Die Bundesregierung hat vor wenigen Tagen eine Änderung der Mess-und Eichverordnung verabschiedet, die in einem wichtigen Bereich für Rechtssicherheit sorgt. 

Viele Unternehmen verbrauchen von der EEG-Umlage privilegierten Eigenstrom oder nehmen andere Entlastungstatbestände, wie die Besondere Ausgleichsregelung in Anspruch. Die entsprechenden Entlastungen dürfen die Unternehmen nur für ihre selbst verbrauchten Mengen beanspruchen. Strom, der an Dritte geleitet wird, muss also abgegrenzt werden. Dabei kommt die Verrechnung von Messwerten in vielen Unternehmen zum Einsatz. Das ist nicht nur geübte Praxis, sondern wird auch in den entsprechenden Leitfäden der Bundesnetzagentur anerkannt. In Fällen der Eigenversorgung mit Strom wird beispielsweise entweder nur die selbst verbrauchte Menge um eine Viertelstunde scharf gemessen oder die sogenannten Drittstrommengen und diese dann der viertelstündlich gemessenen Eigenerzeugung zugeordnet. Eine zusätzliche Messung aller Dritten und des Selbstverbrauchs würde keinen Mehrwert liefern. 

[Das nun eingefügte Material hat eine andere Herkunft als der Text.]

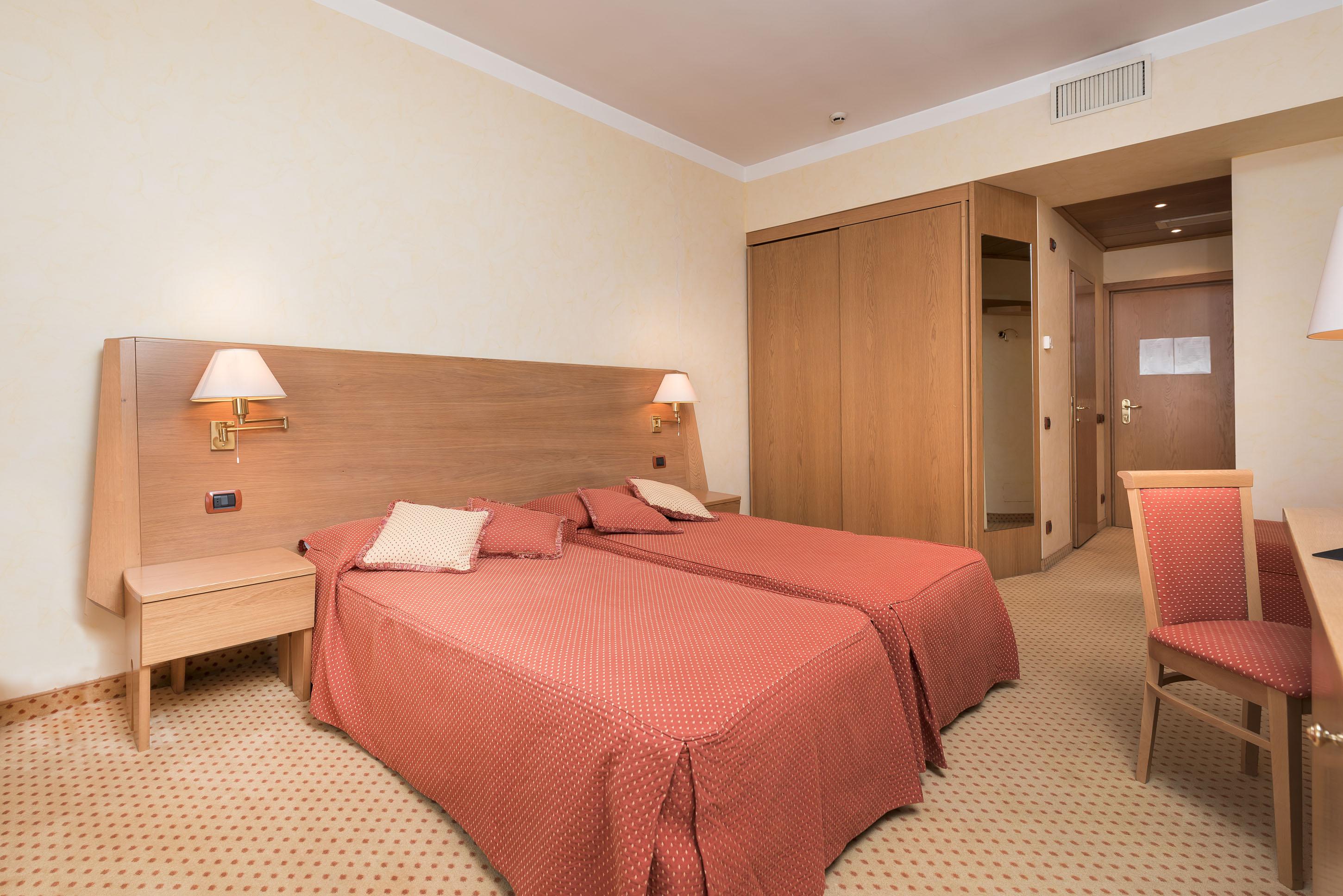 Hotel San Pancrazio Trescore Balneario Esterno foto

Diese Verrechnungs-Praxis war in der Vergangenheit nicht von der Mess- und Eichverordnung gedeckt und wurde jetzt aber mit den Neuregelungen der Mess-und Eichverordnung abgesichert:

[…] Werte für die folgenden Messgrößen dürfen Verwender angeben oder verwenden, auch ohne dass die angegebene Größe mit einem Messgerät im Sinne des Mess- und Eichgesetzes und dieser Verordnung ermittelt worden ist:

Messgrößen im Bereich der leitungsgebundenen Energieversorgung mit Elektrizität und Gas und anderen Energieträgern, deren Werte als Summe, Differenz, Produkt oder Quotient oder Kombinationen davon aus Messwerten gebildet werden, die mit einem dem Mess- und Eichgesetz und dieser Verordnung entsprechendem Messgerät ermittelt worden sind und sofern die Art der Berechnung und die verwendeten Werte für den vorgesehenen Verwendungszweck geeignet sind […].

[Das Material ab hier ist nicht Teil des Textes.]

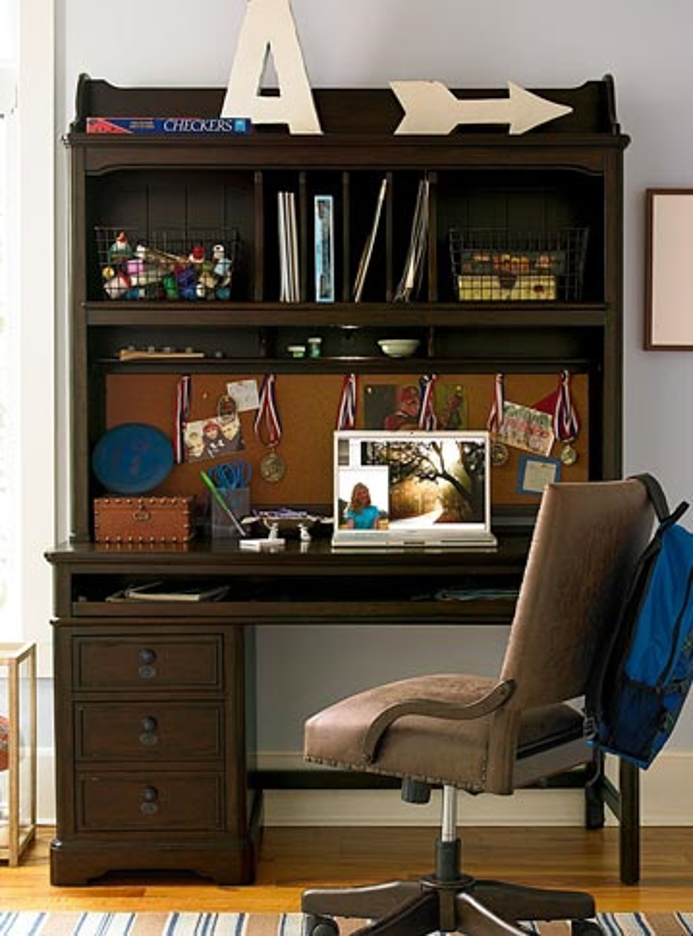 Home Office Furniture Buying Guide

Zugleich wird mit einer weiteren Regelung klargestellt, dass dies auch für Messgrößen gilt, die vor Inkrafttreten dieser Änderung auf Grund einer Verrechnung ermittelt wurden.

Der Gesetzgeber folgt damit einer Empfehlung des VEA, der sich für eine entsprechende Klarstellung mit einer Positionierung und in Gesprächen eingesetzt hatte.

Der Bundesrat muss der Verordnung noch zustimmen.